Door Edward Appelman op 22 april 2020 Leestijd: 3 minutes
Bij – onder meer – de verkoop van een woning spelen de mededelingsplicht en onderzoeksplicht een grote rol. Blijkt na aankoop bijvoorbeeld dat sprake is van gebreken aan het huis, kan de verkoper daar dan aansprakelijk voor worden gehouden? In het verlengde hiervan speelde onlangs een casus bij het hof Den Haag, waarbij een (veiling)koper een verkoper aansprakelijk had gesteld omdat deze hem niet gewezen had op het bestaan van een voormalige hennepplantage in de woning. Onze advocaat verbintenissenrecht bespreekt hoe het oordeel van de rechter hierover luidde.
Taxatierapport
In de procedure had een taxateur een rapport opgesteld en had in het taxatierapport gemeld dat in de woning een hennepplantage was opgerold. Op vanzelfsprekende gronden heeft dit een (sterk) waardedrukkend effect op de woning, onder meer omdat vaak sprake is van slecht onderhoud, verwaarloosde woonfunctie en bouwkundige aanpassingen. Volgens het taxatierapport bedroeg de waarde van de woning €205.000,- vrij van huur.
Executieveiling
De Volksbank was hypotheekhouder van het pand en had via een executieveiling opdracht gegeven tot verkoop van de woning. Nadat de Volksbank het taxatierapport met daarin de notitie van de hennepplantage had ontvangen, liet zij daartoe een veilingadvertentie opstellen. Daarin maakte zij onder meer melding van een ingeroepen huurbeding en een veroordeling tot ontruiming van de woning door de voorzieningenrechter. De Volksbank had geen melding gemaakt van de (voormalig) hennepplantage.
Onderhandse verkoop en goedkeuring voorzieningenrechter
Voorafgaand aan de veiling werden potentiële kopers in de gelegenheid gesteld om een onderhands bod uit te brengen. Daarvoor meldde Challenge Vastgoed B.V. (hierna: Challenge) zich als geïnteresseerde. Zij deed een bod van €221.600,- en de Volksbank accepteerde deze. Voorafgaande bezichtiging van de woning door Challenge was niet mogelijk en zij kon de woning dus niet van binnenuit inspecteren. Partijen lieten de onderhands tot stand gekomen koopovereenkomst door de voorzieningenrechter goedkeuren (art. 3:268 lid 2 BW).
Dwaling en vordering tot opheffing nadeel
Na levering kwam Challenge er vervolgens achter dat recent in de woning een hennepplantage was opgerold. Volgens haar had de Volksbank haar hierover moeten informeren in verband met het waardedrukkend effect hiervan op de woning. Zij beriep zich op
dwaling van de overeenkomst en vroeg schadevergoeding in de zin van opheffing van het nadeel. Volgens haar kwam dit neer op een bedrag ad. €33.240,-, te weten 15% waardevermindering van de woning.

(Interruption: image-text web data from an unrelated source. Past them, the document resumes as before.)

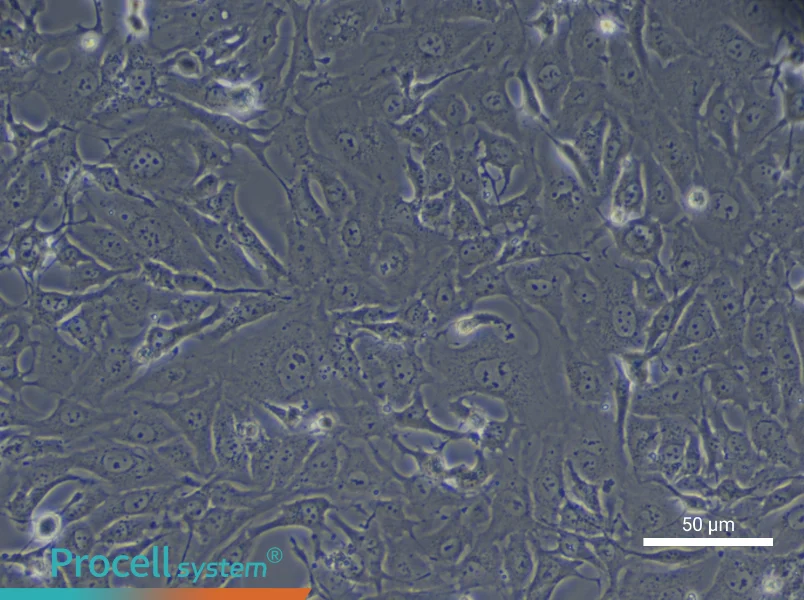 Human Type II Alveolar Epithelial (Primary cell immortalization) Cell Complete Medium - 4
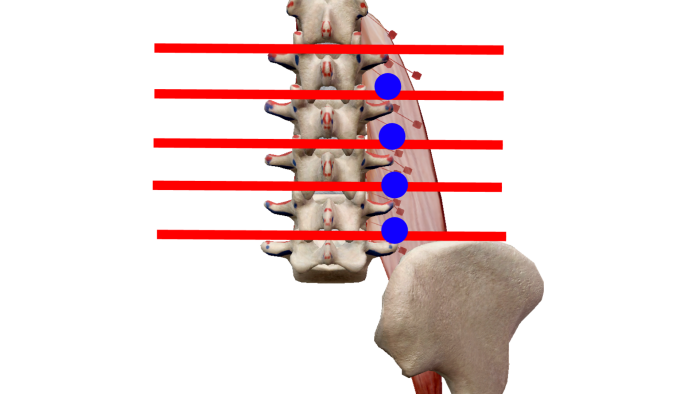 大腰筋刺鍼の位置
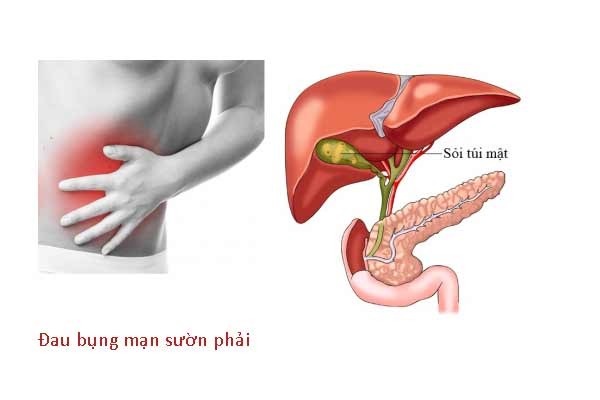 Dấu hiệu nhận biết các loại đau bụng do sỏi mật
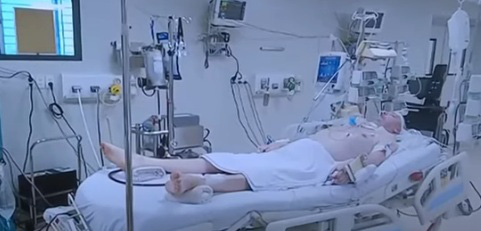Bệnh nhân phi công người Anh mắc Covid-19 nặng nhất Việt Nam: Muốn ghép phổi cần những điều kiện gì? - Ảnh 1.
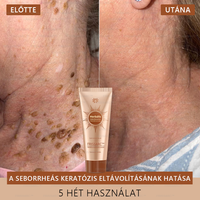 💟FRISSARC™ fehérítő és folteltávolító arcmaszk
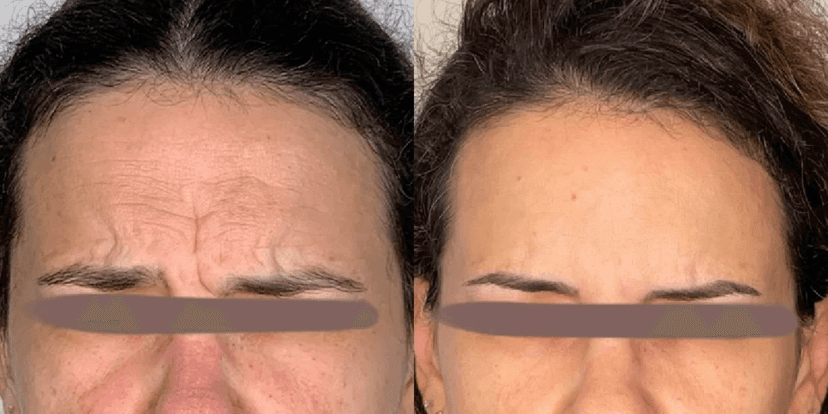 Antes e depois do botox - foto: TV Foco Antes e depois do botox - foto: TV Foco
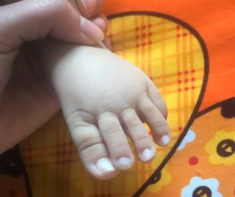 Ảnh ngón chân dài như tay của con mới sinh gây sốc, người mẹ cuối cùng thú nhận sự thật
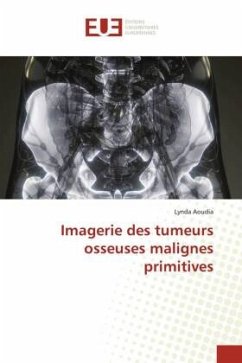 Imagerie des tumeurs osseuses malignes primitives - Aoudia, Lynda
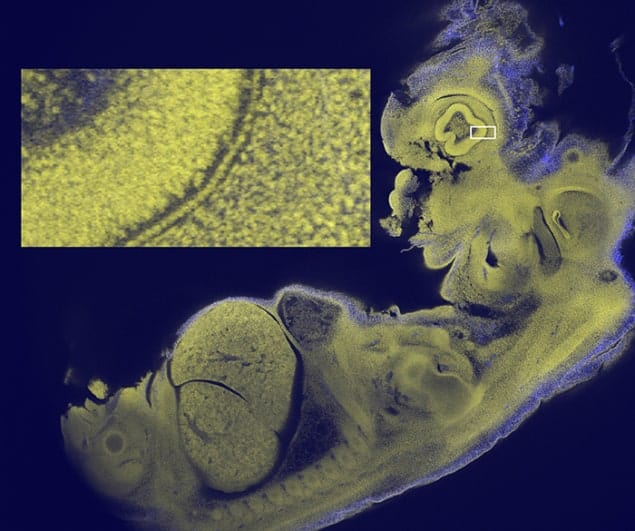 Image of a mouse embryo taken using the new mesolens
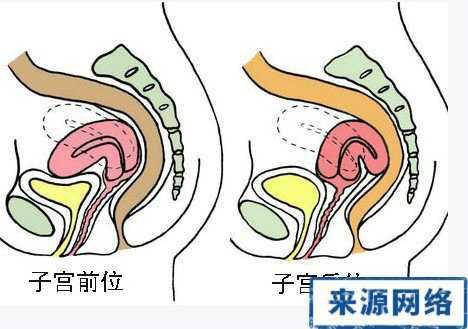 备孕先看子宫好不好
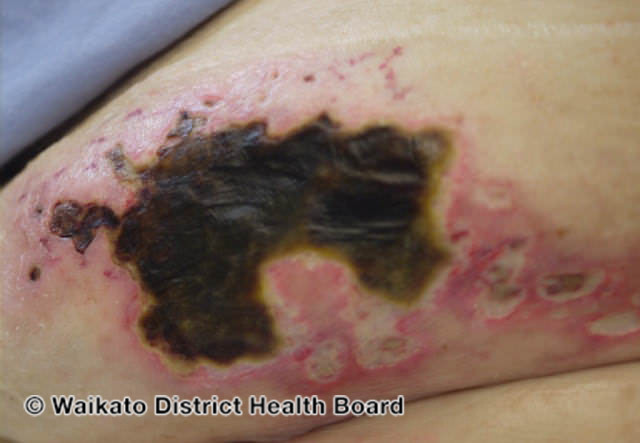 File:Calciphylaxis can lead to- (DermNet NZ systemic-w-calciphylaxis7).jpg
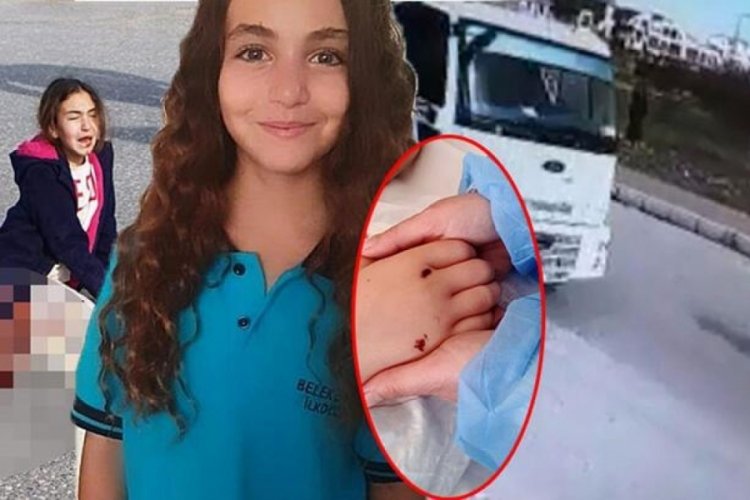 K&ouml;pekten ka&ccedil;arken ezilen Mahra, yaşam savaşını s&uuml;rd&uuml;r&uuml;yor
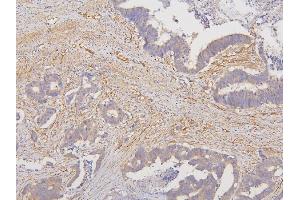 IHC analysis of RAB3GAP2 using anti-RAB3GAP2 antibody (ABIN6719633).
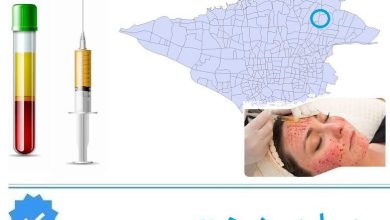 پی ار پی در هروی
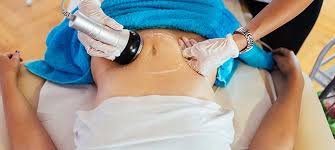 Laser Lipo Cavitation (not surgery)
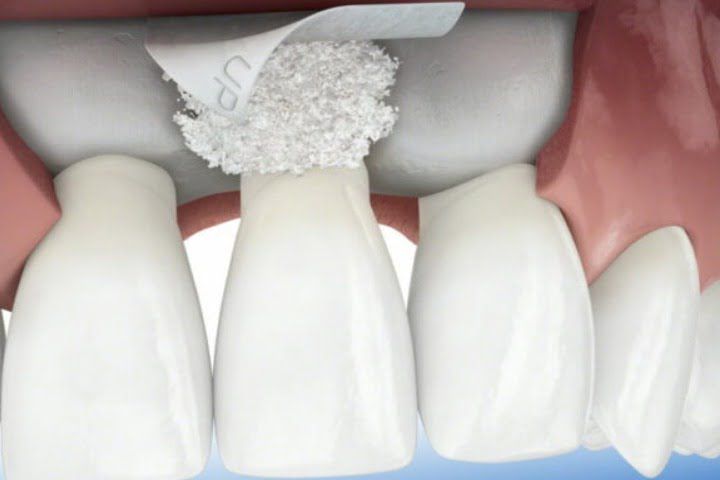 8e50434f Enxerto ósseo para implante dentário: quando fazer?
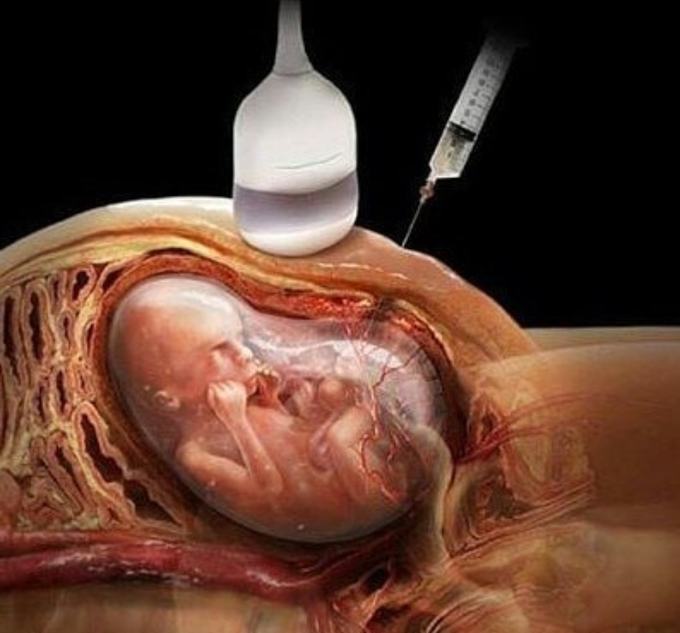 Don't do this as a doctor😡😡early detection of gender is a medical crime ;ultra sound and NIPT test can detect baby in early stages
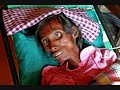 an-interview-regarding-the-origin-of-aids-pt-3.html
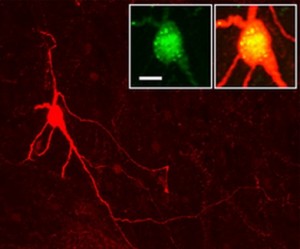 Neuron Pada Hippothalamus yang menyandi MCh sebagai faktor penentu kualitas tidur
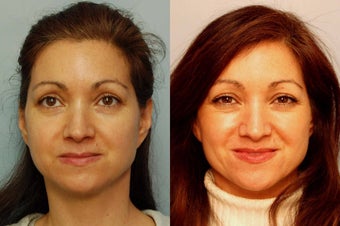 Sculptra treatment for cheeks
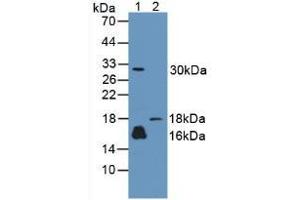 Western blot analysis of (1) Human A431 Cells and (2) Rat Skin Tissue. (CALML3 anticorps  (AA 1-149))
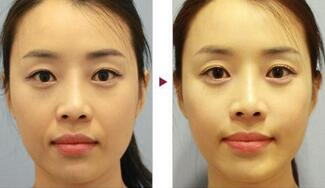 保定安卓貝拉做注射去法令紋怎么樣？附儲(chǔ)君醫(yī)生法令紋案例效果圖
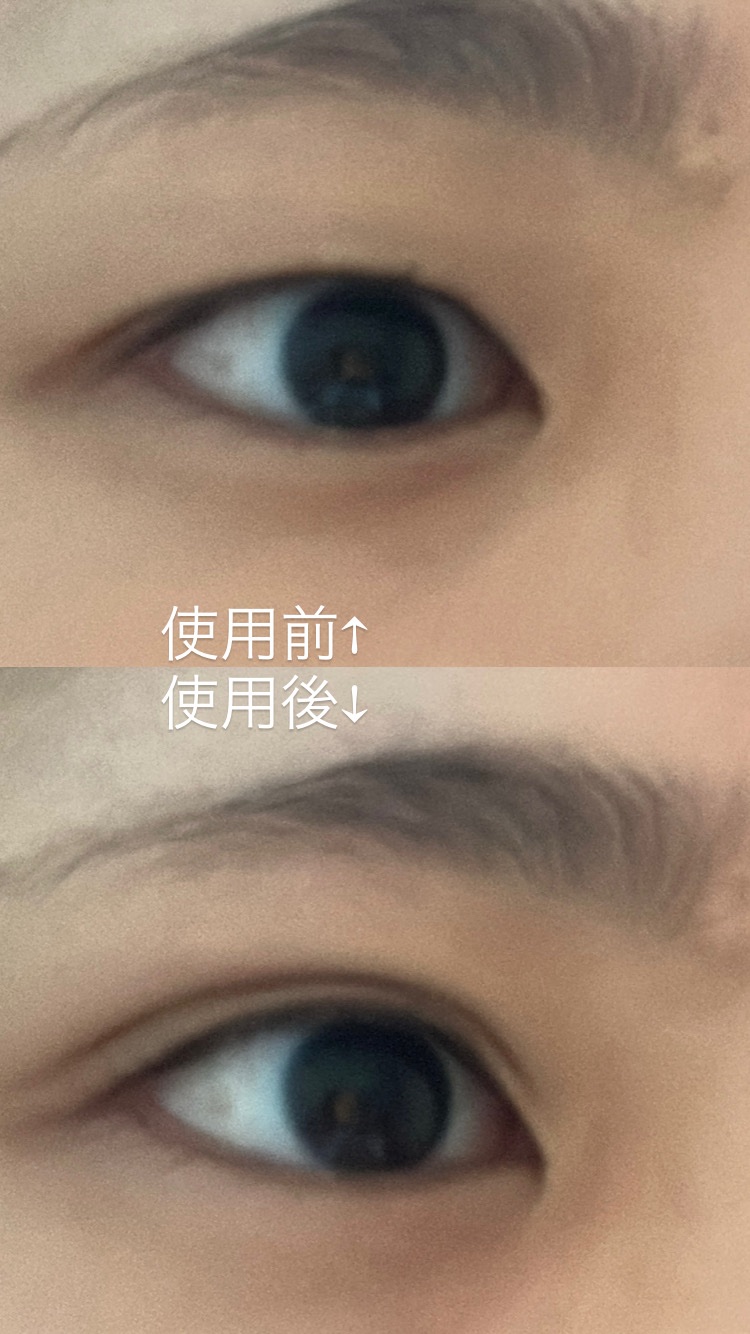 オリシキ アイリッドスキンフィルム EX/D-UP/二重まぶた用アイテムを使ったクチコミ（3枚目）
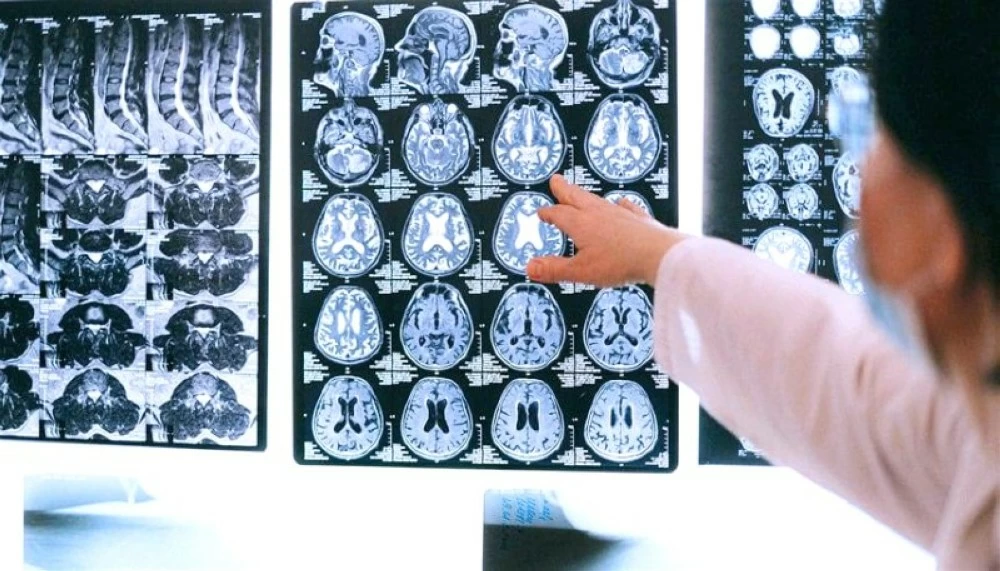 نتائج واعدة لمكملات غذائية في إبطاء نمو أورام سرطان الدماغ نتائج واعدة لمكملات غذائية في إبطاء نمو أورام سرطان الدماغ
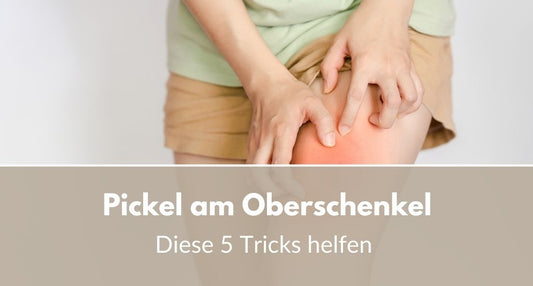 Pickel am Oberschenkel loswerden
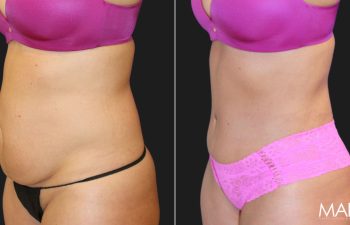 45-year-old woman before and three months after a tummy tuck and liposuction of the flanks, left oblique view.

Rechtbank: schending mededelingsplicht
Bij de rechtbank werd Challenge in het gelijk gesteld en oordeelde dat de Volksbank inderdaad haar mededelingsplicht had geschonden. Zij wist namelijk van het bestaan van de voormalig hennepkwekerij en had hierover niets vermeld in de verkoopinformatie. In hoger beroep stelde de Volksbank dat zij hierover niets hoefde te vermelden, omdat uit het taxatierapport bleek dat het bestaan hiervan geen invloed heeft gehad op de bouwkundige staat van de woning en de waarde van de woning. Ook had de taxateur een negatief antwoord gegeven in het taxatierapport op de vraag of er gebreken waren geconstateerd die een waardedrukkend effect hadden op de woning.
Fout taxateur van invloed op mededelingsplicht?
Het hof overwoog dat ingeval van een wederzijdse dwaling – waarvan hier overigens geen sprake was – bij een executieverkoop de dwaling eerder voor rekening komt van de koper. Als de executieverkoper echter iets wist wat hij aan de koper had moeten mededelen en daarover zwijgt dan kan deze met succes een beroep doen op dwaling. In dit geval is ook het hof van oordeel dat de Volksbank wist dat in de woning zeer recent een hennepplantage was ontmanteld. Het is een feit van algemene bekendheid dat dit een nadelige invloed heeft op de waardebepaling van de woning. Ook het feit dat de taxateur evenwel een negatief antwoord had gegeven op de vraag of dit een negatief effect had op de waarde van de woning, vond het hof niet voldoende. In dit geval kwam de (kennelijke) fout van de taxateur voor rekening van de Volksbank. Zij diende Challenge dan ook voor een bedrag ad. €33.240,- te compenseren.